Trump menyatakan bahwa kesepakatan ini mencerminkan kesiapan kedua negara untuk memulihkan hubungan. “Kedua negara siap untuk perdamaian dan melanjutkan perdagangan dengan Amerika Serikat,” imbuhnya, menyoroti dimensi ekonomi dari penyelesaian konflik.

Klaim perdamaian ini muncul setelah bentrokan di perbatasan menewaskan sekitar 20 orang dan memaksa lebih dari 500.000 warga mengungsi. Hingga saat ini, kedua pihak masih saling menyalahkan sebagai pemicu kembalinya konflik.

Upaya Mediasi Internasional yang Rapuh

Kesepakatan yang diklaim Trump ini merupakan puncak dari upaya mediasi multi-pihak yang telah berlangsung. AS, Tiongkok, dan Malaysia sebelumnya telah menengahi gencatan senjata pada gelombang awal bentrokan pada Juli 2025.

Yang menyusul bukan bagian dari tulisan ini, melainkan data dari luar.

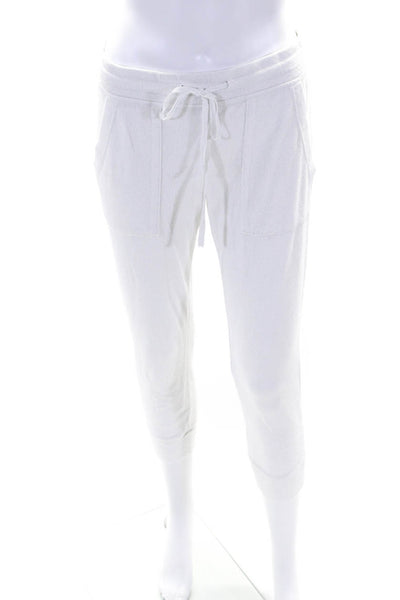 Wilt Womens Velour Mid Rise Drawstring Waist Cropped Pants White Size Small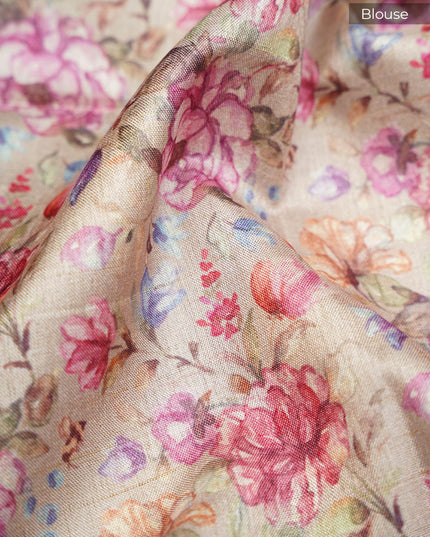 Tusser Silk Saree with Floral Print and Subtle Vertical Stripes and Small Delicate Motifs- Yellow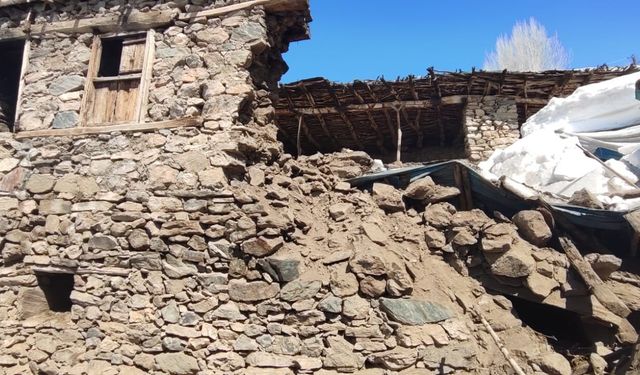 Van'da çöken duvarın altında 50 kuzu kaldı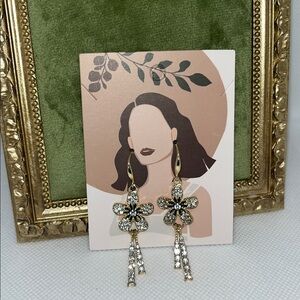 ‼️LAST PAIR‼️ Rhinestone Flower Tassel Earrings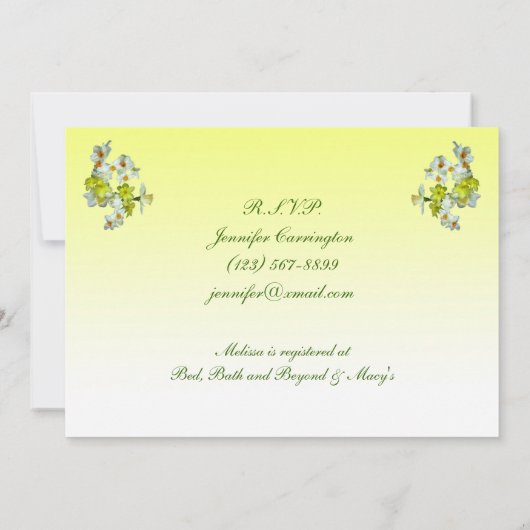 Gelbes Brautparty Einladung (Rückseite)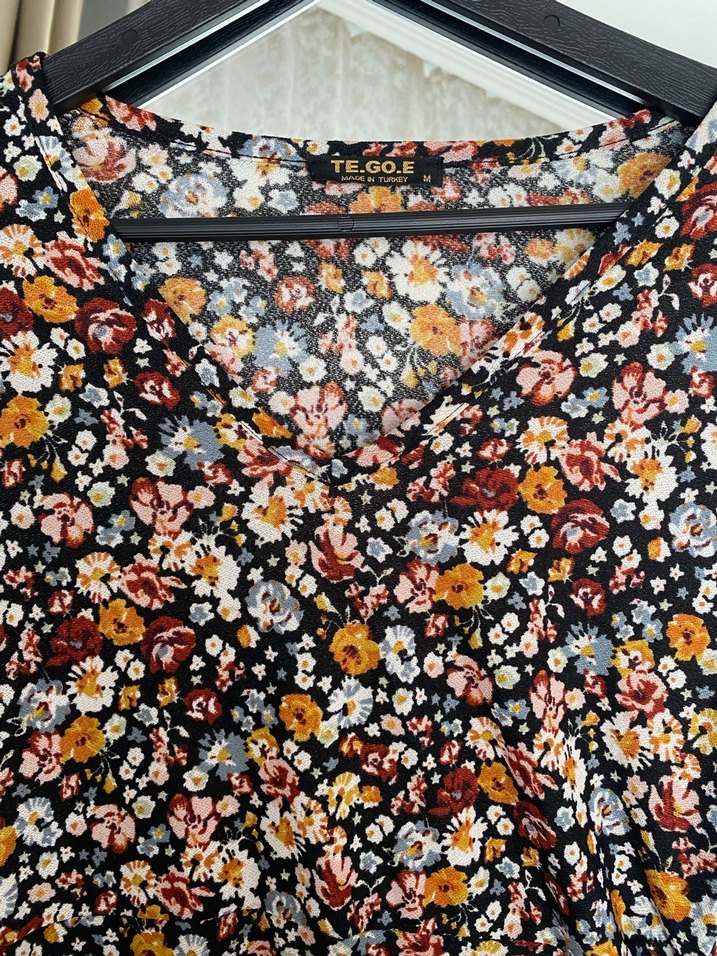 Çiçek Desenli Bohem Midi Elbise - Görsel 2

Pada Oktober, Trump kembali mendukung deklarasi bersama lanjutan antara Thailand dan Kamboja, bahkan sempat memamerkan potensi kesepakatan perdagangan baru sebagai insentif perpanjangan gencatan senjata. Namun, perjanjian tersebut terbukti rapuh ketika Thailand menangguhkannya sebulan kemudian setelah tentara mereka terluka akibat ranjau darat di perbatasan.

Syarat dan Kesiapan Dialog Bilateral

Meskipun Trump mengumumkan kesepakatan penghentian pertempuran, situasi di lapangan masih dicirikan oleh ketidakpercayaan dan tuntutan timbal balik.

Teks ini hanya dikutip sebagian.